By Mark Fischenich
Free Press Staff Writer
— The smallest towns in Minnesota are facing the prospect of state aid cuts for the first time this year.
Previously protected from reductions in Local Government Aid, towns of less than 1,000 population are facing the same fate their bigger brothers have been dealing with for years under Gov. Tim Pawlenty’s budget proposal. The difference, small-town mayors and administrators said, is that their budgets are already bare-bones documents with few options for spending reductions.
“We just don’t have extra services to cut,” said Kelly Steele, city administrator in Madison Lake. “We just have water, sewer, streets, a police department, fire (which is volunteer), administration. ... The only extras we have: Once a year we have a curb-side spring cleanup.”
One thing many area towns have is some reserve funds, built up a bit in anticipation that their days of being protected from LGA cuts are numbered.
They also hold out hope for one more reprieve as Pawlenty and legislative leaders spar over where to make cuts. But even if they receive full funding out of the current legislative session, they don’t expect that to last into 2011 and beyond.
“We dodged the bullet for probably the last two years,” said Madison Lake Mayor Ken Reichel. “So we’ve been more fortunate than others. ... Hopefully if we stay under that 1,000-people range, they’ll keep being nice to us.”
Reichel’s optimism fades for 2011 when lawmakers will be setting the next two-year budget and will be faced with a budget shortfall projected to reach $5.8 billion — or $7 billion when inflation is factored in. Pawlenty’s proposed reductions in LGA this year are in response to a much smaller shortfall projected at $1 billion for the current state budget.
“Personally, I feel like there will be some type of cut year after year,” said Heather McCallum, city administrator for Nicollet, Courtland and Lafayette. “It’s just a matter of what the percentage will be.”
Under Pawlenty’s plan, a city’s property tax levy and Local Government Aid are added together and then 8.2 percent of that total would be deducted from scheduled LGA payments in July and December. (See accompanying chart.)
For the state’s largest cities, the impact is millions of dollars in lost revenue. For Madison Lake, it’s $24,000.
“It’s huge,” Steel said of the proposed cut. “Our annual expenditures for this year are about $525,000.”
The city could make that up by laying off a single employee. The problem is, a single employee equals the police department, half the public works department, 20 percent of the entire five-person city workforce.
“That just doesn’t work,” Steele said.
Tapping reserve funds would cover part of it for one year, but that’s not a lasting solution if the aid isn’t restored in future state budgets, she said.
Making up the lost state revenue with property tax increases in 2011 isn’t a realistic solution either, said Mayor Reichel, the owner of an automobile repair and service business.

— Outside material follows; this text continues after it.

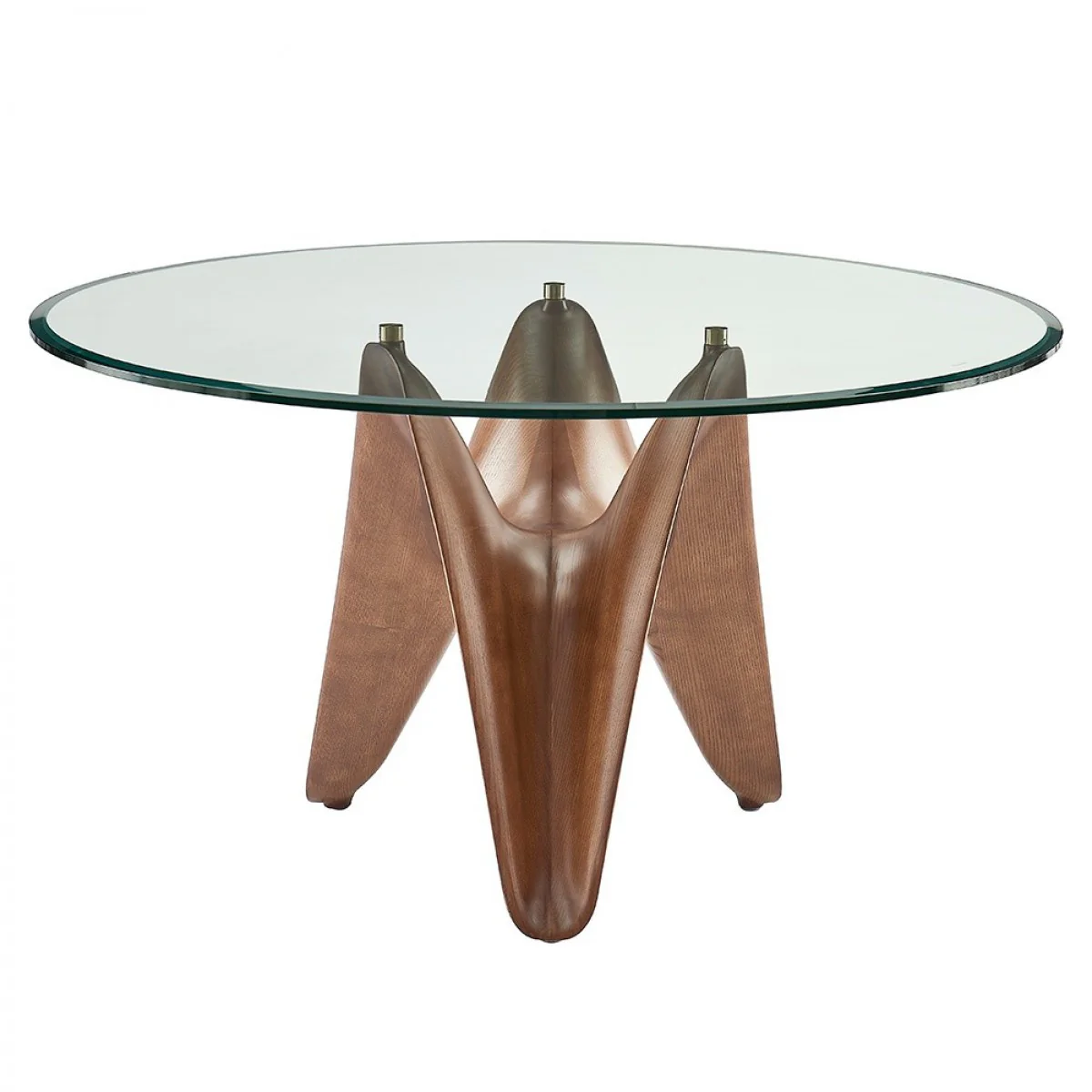 Clear And Brown Rounded Glass And Solid Manufactured Wood Pedestal Base Dining Table By Homeroots - Image 5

The deep recession has left too many people hurting financially to inflict a large city tax increase on them.
“I would say a third of my clientele’s been out of work or affected by it,” Reichel said of the economy. “The last two years haven’t been good for anybody.”
Although the economy is showing some signs of recovery, the news remains glum at the Capitol. The most recent economic forecast showed red ink increasing in the two-year budget cycle starting in July 2011.

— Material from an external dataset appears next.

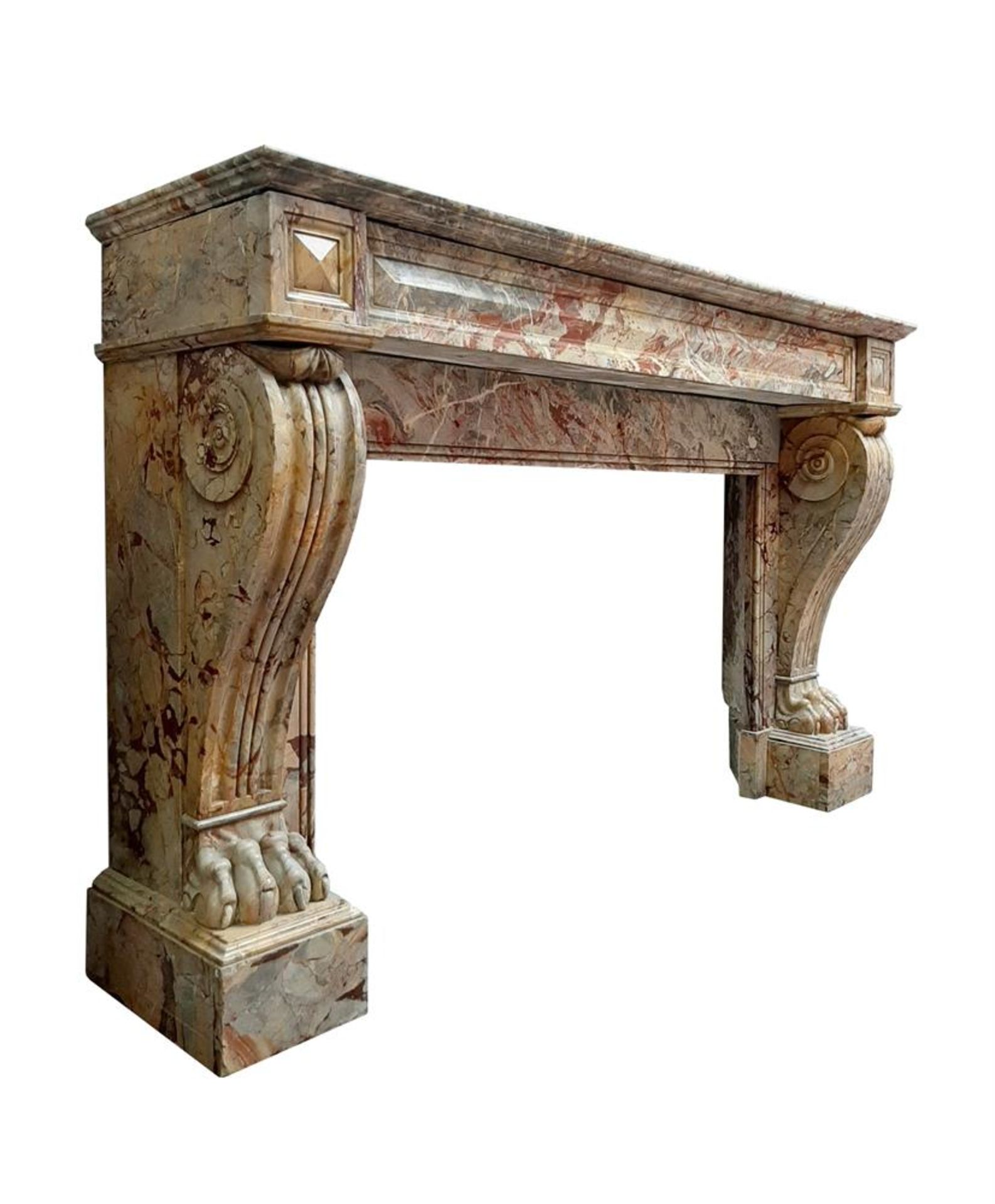 ‡ A FRENCH SARRANCOLIN MARBLE FIRE SURROUND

If LGA is steadily reduced in coming years — or eliminated completely, as some state and local leaders now fear — the impact will range from devastating to deadly depending on the town, local officials say. That’s because the level of dependence varies greatly, as does the amount of industry and high-value housing to spread the property tax burden on.
Under a complex formula that, at least in part, attempts to identify the neediest cities with the lowest property wealth, different towns receive substantially more LGA than others and are more dependent on it. Lafayette and Courtland, which has higher-valued homes as a bedroom community of New Ulm, are an example of the difference.
In 2010, Courtland is slated to receive 36 percent of its general fund revenue from LGA. Lafayette gets 56 percent from the state.
Staff would need to be cut if LGA is reduced year after year, McCallum said. In Lafayette, with one full-time employee, that would be a tricky task.
“Basically, our maintenance department is gone,” she said of the prospect.
Courtland operates entirely with part-timers.
Street maintenance would probably be put off in both places, McCallum predicted. Snowplowing and other services would be accomplished more slowly as towns shared workers or equipment. Water quality might deteriorate if Lafayette’s aged equipment didn’t have a full-time worker keeping it operating.
At the same time, property taxes would need to rise substantially to make up a portion of the lost state aid, McCallum said. And in a place like Lafayette with its elderly residents, many on fixed incomes, large tax increases would hit with extra force. At least some people would leave.
“It would be very difficult for Lafayette to exist,” she said. “... It’s not a luxury for small cities to have LGA. It really is for the basics.”